The listing below is to be reproduced in full, character for character.
━━━━━━━━━━
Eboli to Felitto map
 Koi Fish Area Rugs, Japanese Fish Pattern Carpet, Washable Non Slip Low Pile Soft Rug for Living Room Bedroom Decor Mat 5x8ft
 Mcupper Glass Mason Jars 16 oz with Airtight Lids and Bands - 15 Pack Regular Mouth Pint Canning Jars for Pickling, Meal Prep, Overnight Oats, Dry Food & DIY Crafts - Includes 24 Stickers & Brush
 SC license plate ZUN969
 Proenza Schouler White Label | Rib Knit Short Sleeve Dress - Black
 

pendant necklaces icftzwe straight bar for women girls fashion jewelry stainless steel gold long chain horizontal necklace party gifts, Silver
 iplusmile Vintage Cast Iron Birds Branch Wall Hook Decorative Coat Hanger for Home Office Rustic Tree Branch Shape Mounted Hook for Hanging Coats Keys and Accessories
━━━━━━━━━━
SOLUTION TO THE PROBLEM.
Eboli to Felitto map
 Koi Fish Area Rugs, Japanese Fish Pattern Carpet, Washable Non Slip Low Pile Soft Rug for Living Room Bedroom Decor Mat 5x8ft
 Mcupper Glass Mason Jars 16 oz with Airtight Lids and Bands - 15 Pack Regular Mouth Pint Canning Jars for Pickling, Meal Prep, Overnight Oats, Dry Food & DIY Crafts - Includes 24 Stickers & Brush
 SC license plate ZUN969
 Proenza Schouler White Label | Rib Knit Short Sleeve Dress - Black
 

pendant necklaces icftzwe straight bar for women girls fashion jewelry stainless steel gold long chain horizontal necklace party gifts, Silver
 iplusmile Vintage Cast Iron Birds Branch Wall Hook Decorative Coat Hanger for Home Office Rustic Tree Branch Shape Mounted Hook for Hanging Coats Keys and Accessories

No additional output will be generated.